Master of ceremonies, Rosmini principal Philomena Cherry, introduced Farrell, his management team and some of his star players - but their was an extra large cheer for one of their own - Philip McElwee.
McElwee was a selector for this year's all-conquering Dublin minor outfit, and has been a teacher in Rosmini for the best part of three decades. So it marked a special moment for him.
As Farrell, who first came across the Derry native patrolling the sideline when he was a student in St Vincent's CBS, addressed the crowd, he paid an extra tribute to McElwee.
"In life we are likely to meet inspiring people who make a remarkable contribution to our lives, special people, and Philip is certainly one of those," he said.
Afterwards, Farrell took time to praise the involvement of McElwee in the All-Ireland success.
"I've known Philip a few years now and his depth of knowledge and experience is immense.
"His passion for the game and for coaching and trying to develop young players is phenomenal.
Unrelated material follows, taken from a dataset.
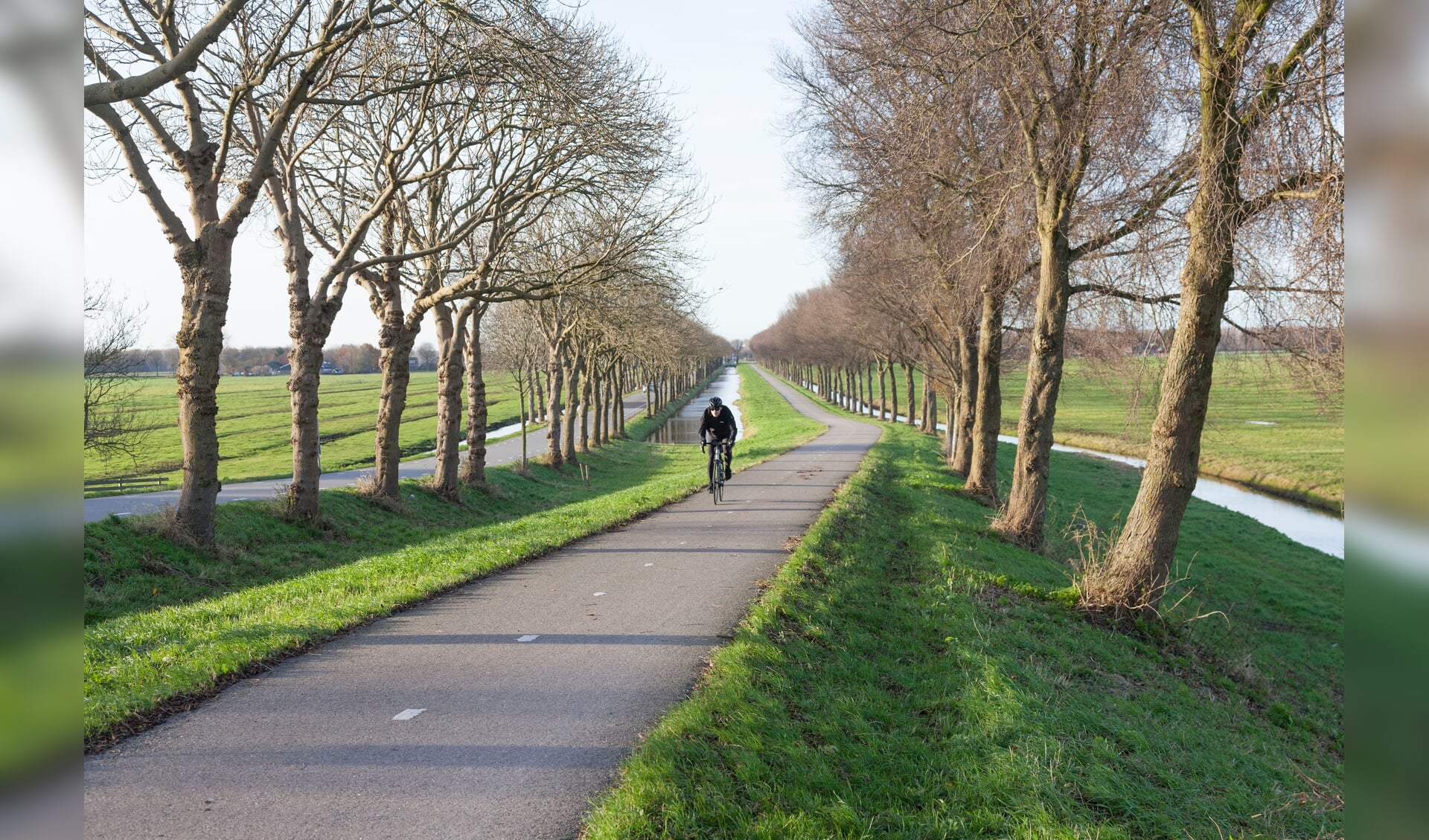 Fietser klimt dijk van de polder Purmer ten noorden van Amsterdam in Nederland op fietspad.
He's been a joy to work with and we have learned an awful lot from him over the years."
When talking to McElwee himself - one of the few men to keep Kerry legend Mikey Sheehy scoreless when he was playing with his native Derry - his modesty shone through.
Instead of talking about his own obvious contribution, not only to Dublin but to Na Fianna as well where he has enjoyed unprecedented success at minor level, he focused on his hopes for Pobalscoil Rosmini.
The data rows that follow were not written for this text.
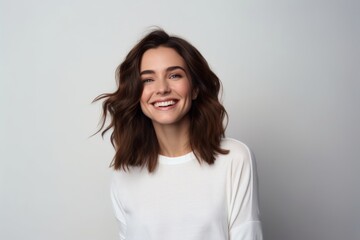 Obraz premium Portrait of beautiful young woman looking at camera and smiling while standing against grey background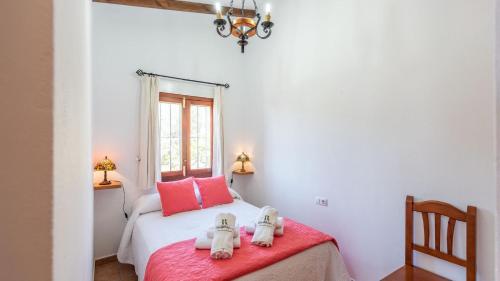 een slaapkamer met een bed met twee knuffels erop bij Casa Torre del Manzano Torrox by Ruralidays in Torrox
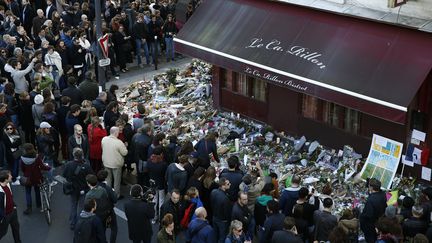 Des dizaines de Parisiens se recueillent devant le bar Le Carillon, le 15 novembre 2015, dans le 11e arrondissement de la capitale. (BENOIT TESSIER / REUTERS)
Indeed, this is not the first All-Ireland trophy to visit the school in recent times as Bernard Brogan and Sam Maguire were the star attractions 12 months ago.
"The idea is that after the lull - the last trophy we won (in Gaelic games) was in 2005 - that this can raise the profile of Gaelic games in the school and in the area as well," he explained.
"It takes a lot of work on the ground (to return to past glories). We have good PE teachers in the school here. We will start small and try and get the interest back up again.
"The games, in all sports, took a hit through the Celtic Tiger. A lot of students weren't bothered with sports. So we have to try and raise the level of all sports."
Given that Rosmini is bang in the middle of GAA powers such as St Vincent's, Na Fianna and Whitehall Colmcille, one would imagine that they would be prospering from the talent in the area, something McElwee said was vital to take advantage of.
"We are surrounded by strong clubs. There are obviously students from the locality and the community who have a background of some nature in Gaelic games. But we have to try to tap into that going forward. We would hope that there is a new energy in our staff to carry the school's traditions on."
McElwee also believes that the visit of the Markham Cup can inspire students, not only in Gaelic games, but across all aspects of life.
"For students to listen to the words of Dessie and to see the players in amongst them shows that they are just ordinary like them," he enthused.
"As Dessie said, they shouldn't be afraid to aspire and believe that you are good enough. It doesn't matter whether it is in sport, drama or art, believe in yourself and have confidence to go and follow your goals.
"We saw the talent in the choir today. We had a talent show which was a great success in the school and there was also a production of Hamlet. It all shows how talented this bunch of students are. We need to build on that."